Annual US consumer inflation up 8.5% in July, easing from 9.1% in June

Core consumer price index, excluding food and energy, rises 5.9% annually, below market estimate of 6.1% . Annual consumer inflation in the US rose 8.5% in July, easing from the 9.1% yearly increase in June, when it saw the largest 12-month increase since November 1981, according to Labor Department figures released Wednesday.

The consumer price index (CPI), which measures changes in the prices of goods and services from a consumer’s perspective, was lower than the market estimate of an 8.7% annual increase.

CPI in July remained unchanged from the previous month, again beating expectations for a 0.2% increase. The monthly CPI increase in June was 1.3%.

„There were some indexes that declined in July, including those for airline fares, used cars and trucks, communication, and apparel,” the department said in a statement.

Core CPI, which excludes food and energy, climbed 0.3% in July from the previous month, again below the expectation for a 0.5% gain. In June, core CPI posted a monthly increase of 0.7%.

Annually, core CPI rose 5.9% in July year-on-year, similarly below the market forecast of 6.1%, after gaining 5.9% in June from the same month a year ago.

„The energy index increased 32.9% for the 12 months ending July, a smaller increase than the 41.6% increase for the period ending June,” the statement said.

However, „the food index increased 10.9% over the last year, the largest 12-month increase since the period ending May 1979,” it added.
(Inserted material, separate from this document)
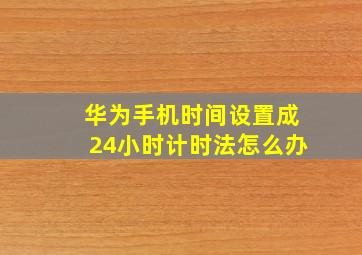 华为手机时间设置成24小时计时法怎么办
President Joe Biden said the American economy had „0% inflation” in July, referring to the CPI remaining unchanged from the previous month.

„While the price of some things went up last month, the price of other things went down by the same amount. The result? Zero inflation last month, but people were still hurting with zero inflation last month,” he said at the White House.

Biden noted that the US economy added a much better-than-expected 528,000 jobs last month, while the unemployment rate fell to 3.5%.

„We’re seeing a stronger labor market where jobs are booming and Americans are working and we’re seeing some signs that inflation may be beginning to moderate,” he added.